How long until it's too late to save Earth from climate disaster? A New York City clock is now counting down the time remaining before our CO2 budget is gone
“Metronome" is a mixed-media work that covers a 10-story-high area on the north wall of One Union Square South, a residential high rise in Manhattan. Now, instead of measuring 24-hour cycles, Metronome’s digital clock has adopted a new ecologically and time sensitive mission.
Last weekend, the clock flashed a new message - “The Earth has a deadline” - with the numbers 7:103:15:40:07, which represent the years, days, hours, minutes and seconds until that deadline expires.
Artists, Gan Golan and Andrew Boyd, felt the "Climate Clock" would have the most impact as a public illustration demonstrating the urgency of combating climate change before the effects become irreversible displayed in a conspicuous space and presented like a statue or an artwork.

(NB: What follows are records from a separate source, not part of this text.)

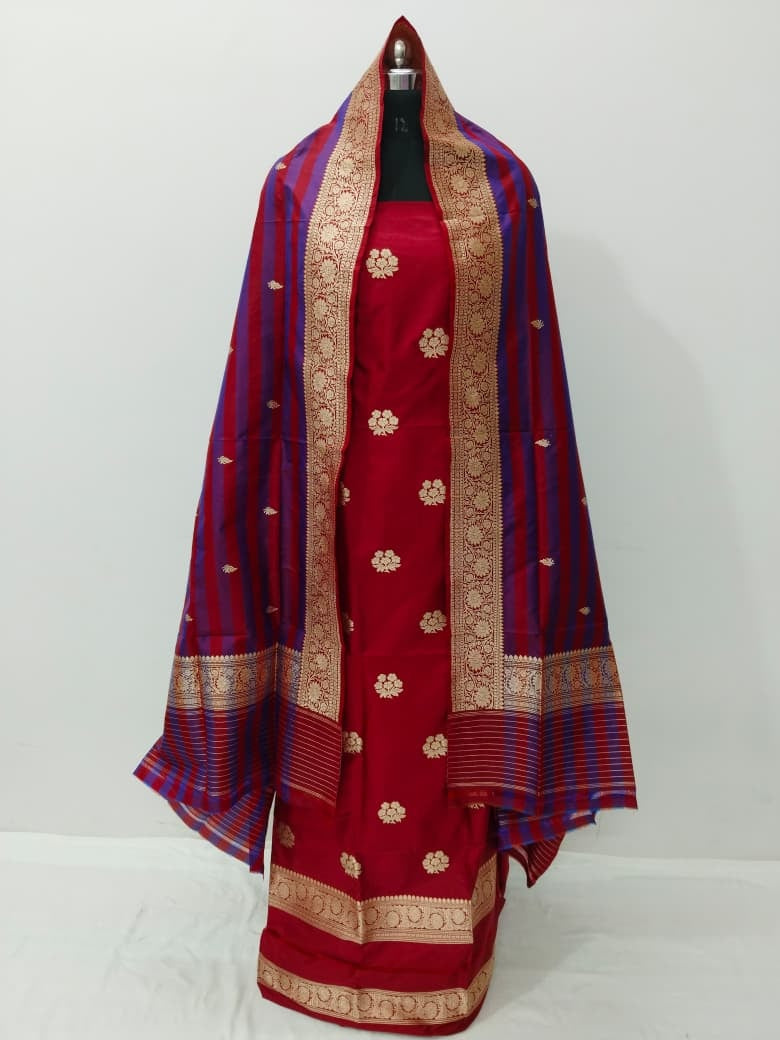 Red Pure Katan Silk Banarasi Handloom Three Piece Unstitched Suit Set - Luxurion World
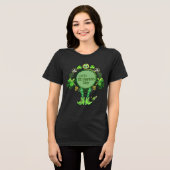 Custom St. Patrick's Day Bird Kleeblatt Black Tri-Blend Shirt (Vorderseite voll)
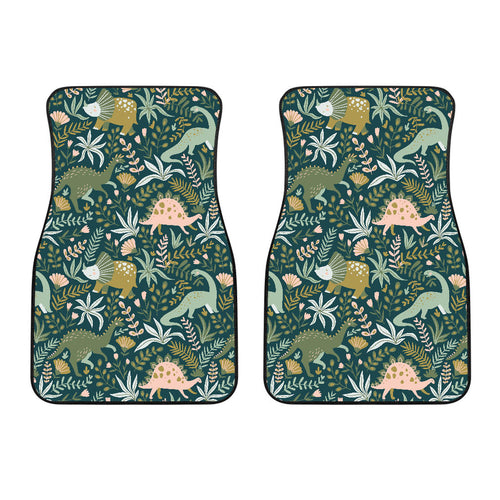 Dinosaurs Tropical Leaves Flower Pattern Front Car Mats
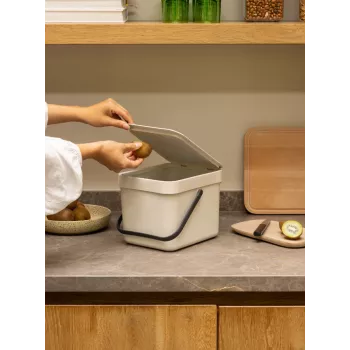 Brabantia Sort & Go Abfalleimer Soft Beige 6 L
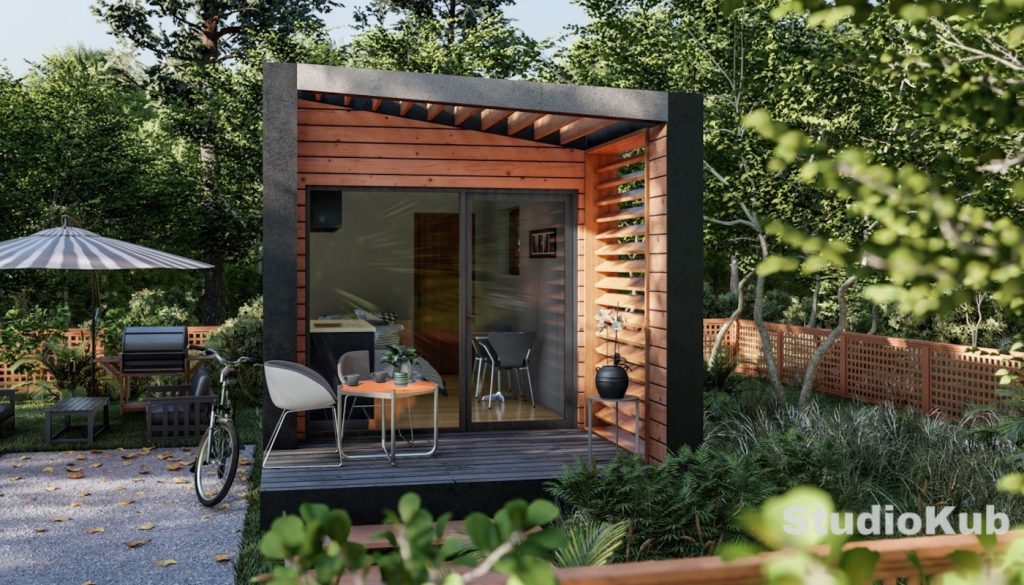 studio jardin modern 19m2 bois noir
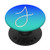 Silver White Letter J Initial Phone grip Turquoise Teal Blue PopSockets PopGrip Swappable Grip for Phones   Tablets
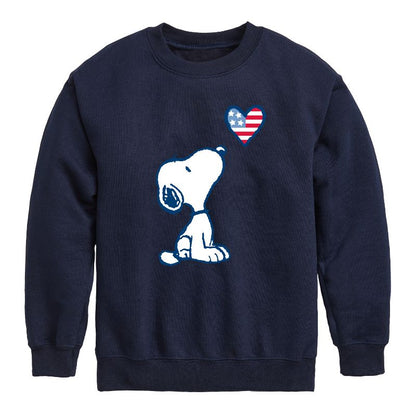 Boys' - Peanuts - Snoopy Flag Heart Graphic Long Sleeve Fleece Sweatshirt
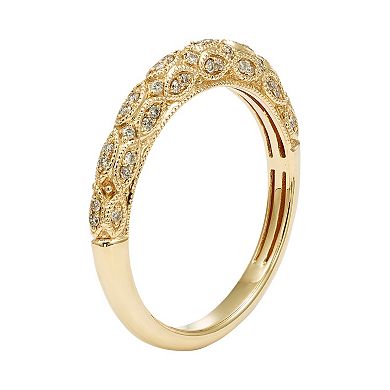 1/5 Carat T.W. IGL Certified Diamond 14k Gold Art Deco Wedding Ring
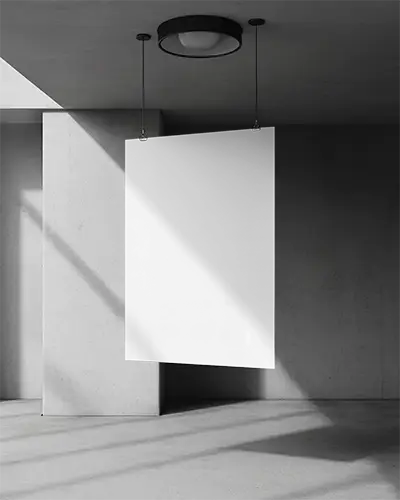 Modern Minimalist Poster Mockup Floating Hanging In Industrial Space With Natural Light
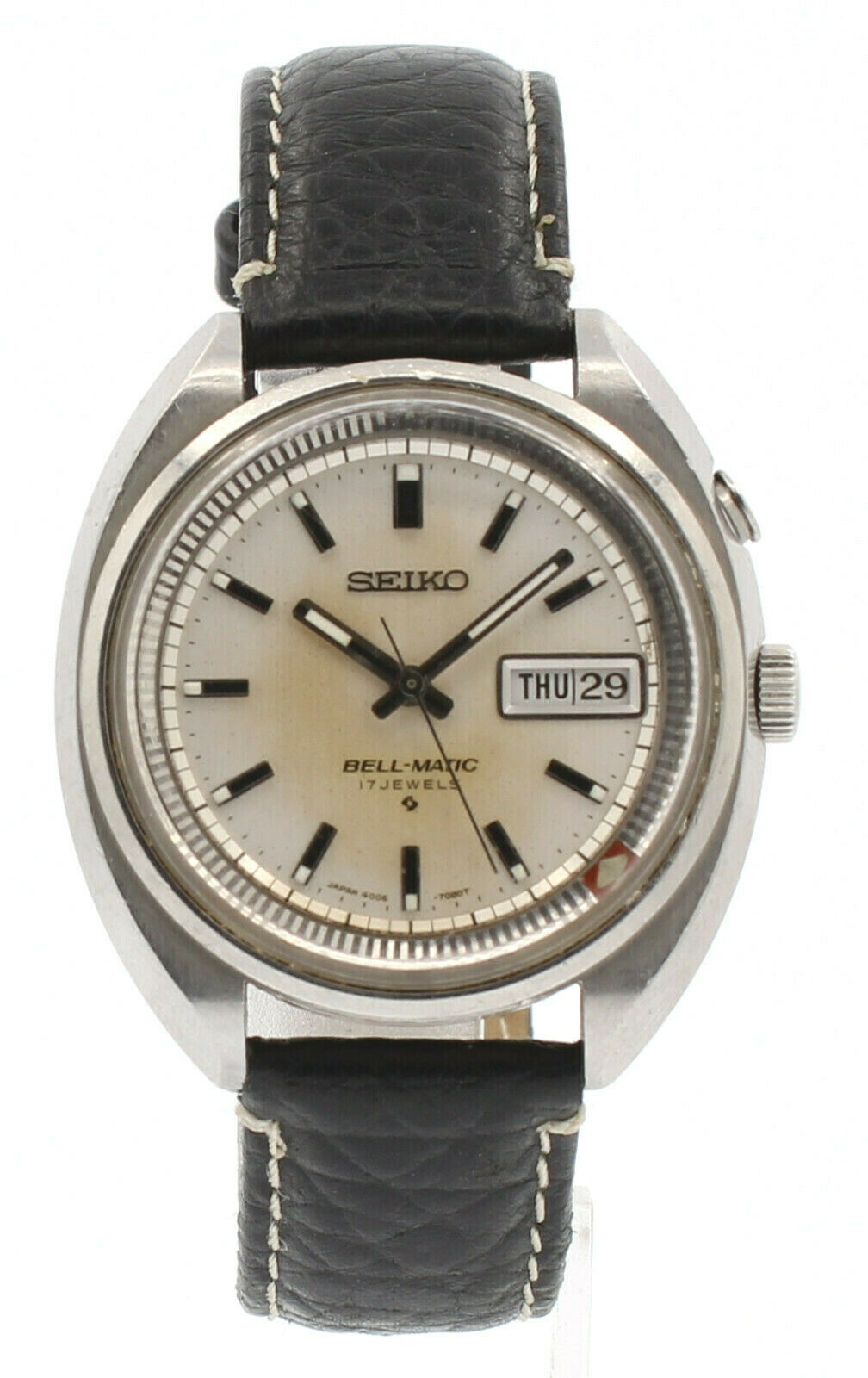 SEIKO Bell-matic Alarm DAY-DATE Stainless 38mm Auto Men's Watch Ref: 4006-7020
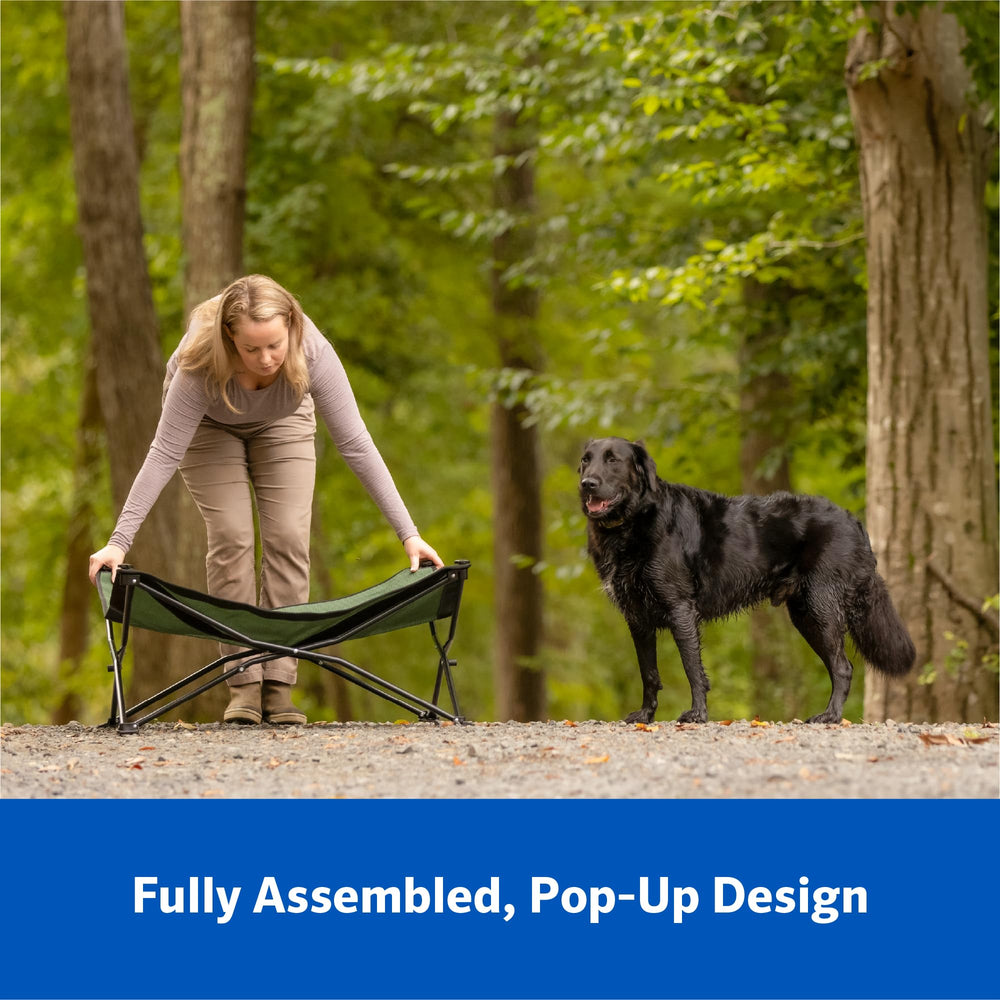 Coolaroo On-The-Go bed pops up quickly for outdoor adventures.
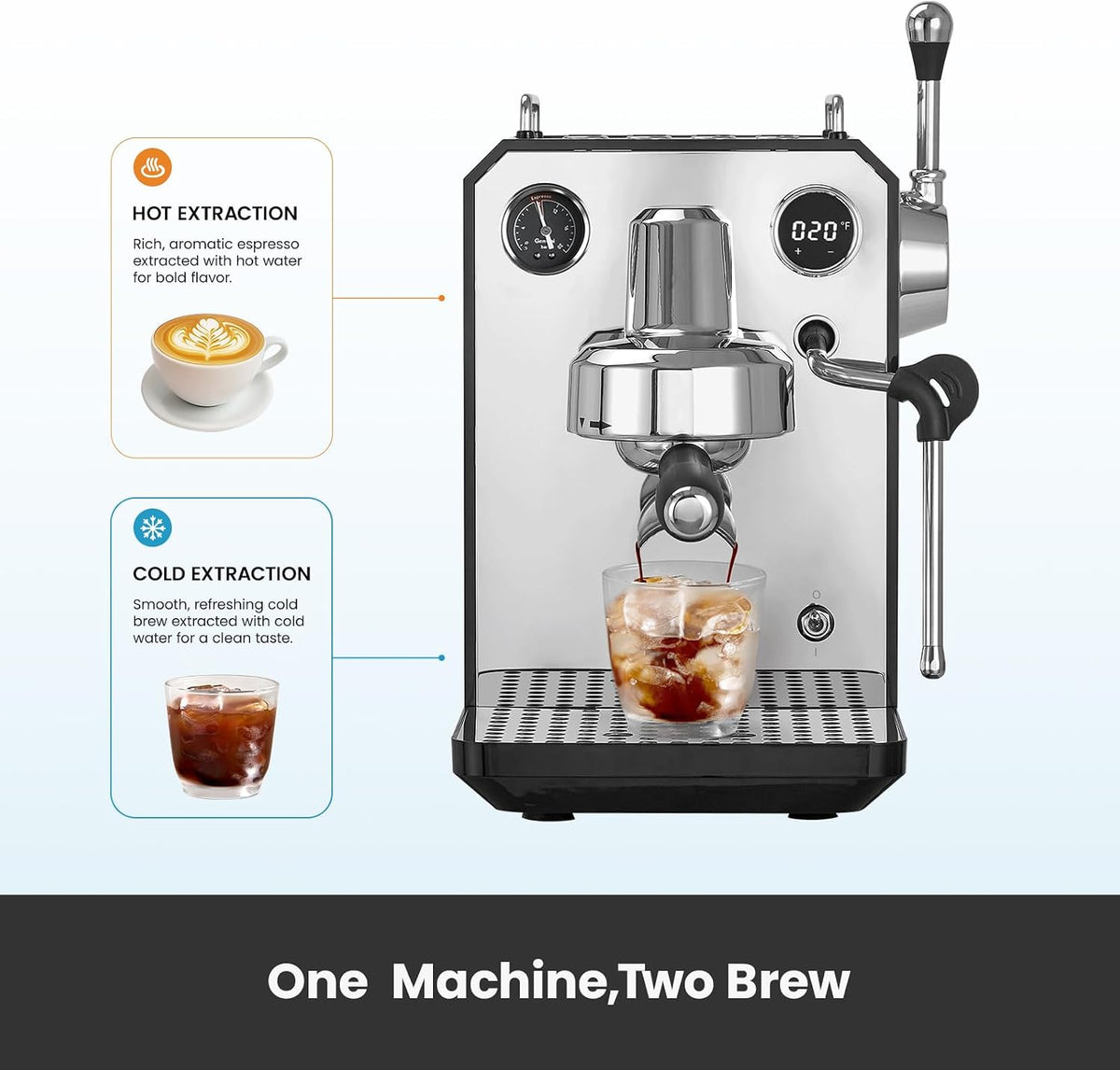 Gemilai G3006A Máquina de café expreso, máquina de café expreso de extracción en frío y caliente para el hogar, control y pantalla PID dual, bomba de 15 bares, programa de preparación ajustable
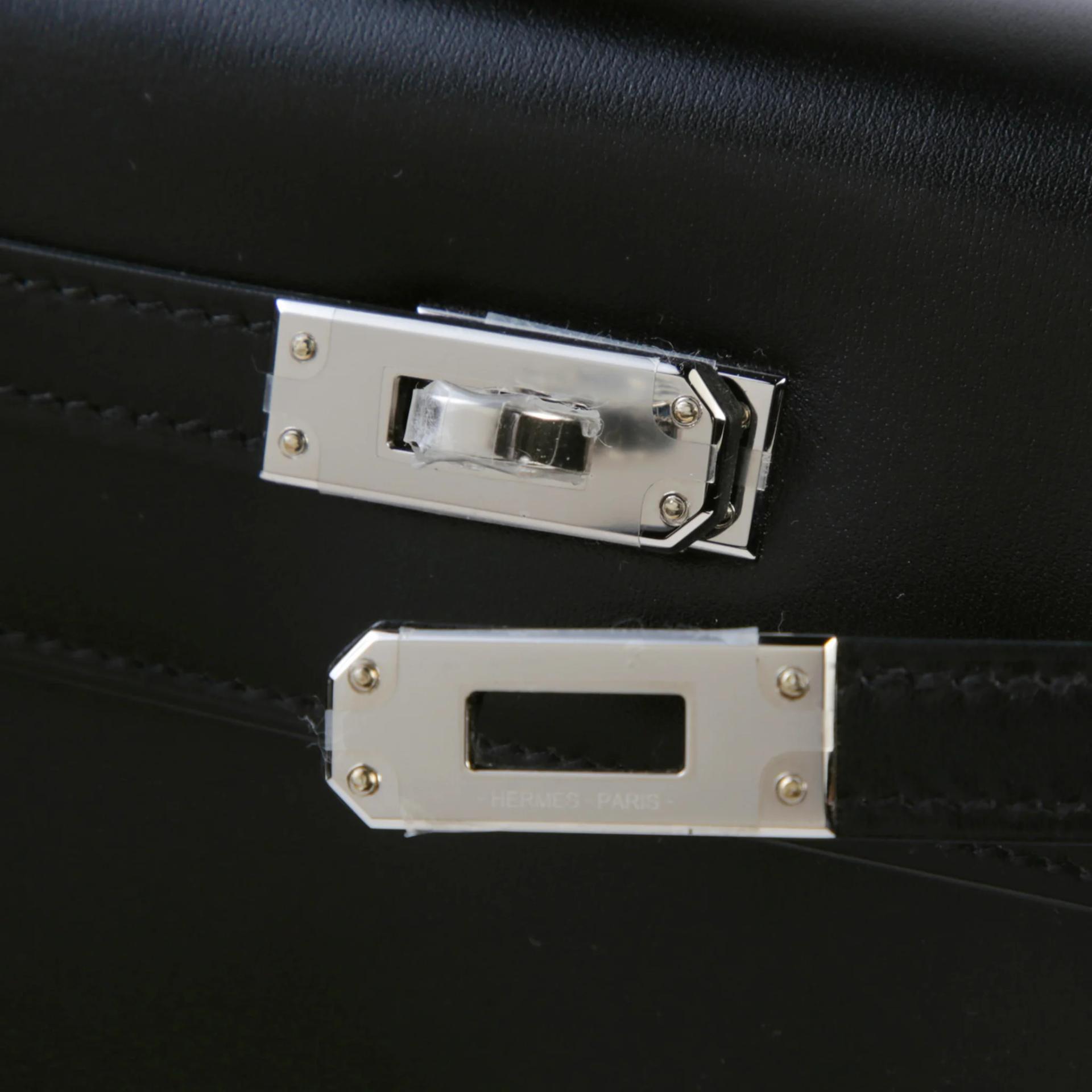 Unused ( Rank NS ) HERMÈS Kelly 25 Sellier Noir (89) Box-calf Palladium hardware W (2024) - 8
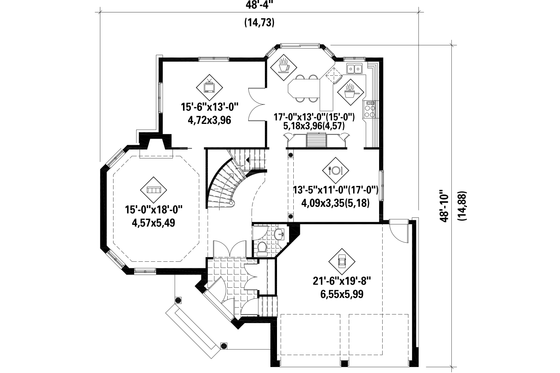 Floor Plan - Main Floor for European House Plan #25-4858 - 3 bed, 2 bath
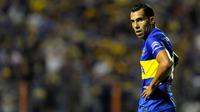 Striker Boca Juniors asal Argentina, Carlos Tevez. (AFP/Alejandro Pagni)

The "Climate Clock" is based on calculations by the Mercator Research Institute on Global Commons and Climate Change in Berlin.
The MCC is a scientific think tank. In their report issued in 2018 they said global warming was likely to reach 1.5°C over preindustrial levels between 2030 and 2052 if it continues at the current rate. That level of warming is projected to increase damage to many ecosystems and cause an estimated $54 trillion in damage.
The website also tracks the growing percentage of the world’s energy supplied from renewable sources.
From left, the artists Andrew Boyd and Gan Golan in Union Square in Manhattan. Credit...Jeenah Moon for The New York Times
“You can’t argue with science,” Mr. Boyd said. “You just have to reckon with it. This is arguably the most important number in the world. And a monument is often how a society shows what’s important, what it elevates, what is at center stage."
The climate clock is a profound reminder for the world just how perilously close we are to the brink and one of the many initiatives encouraging everyone to join in the fight for the future of our planet.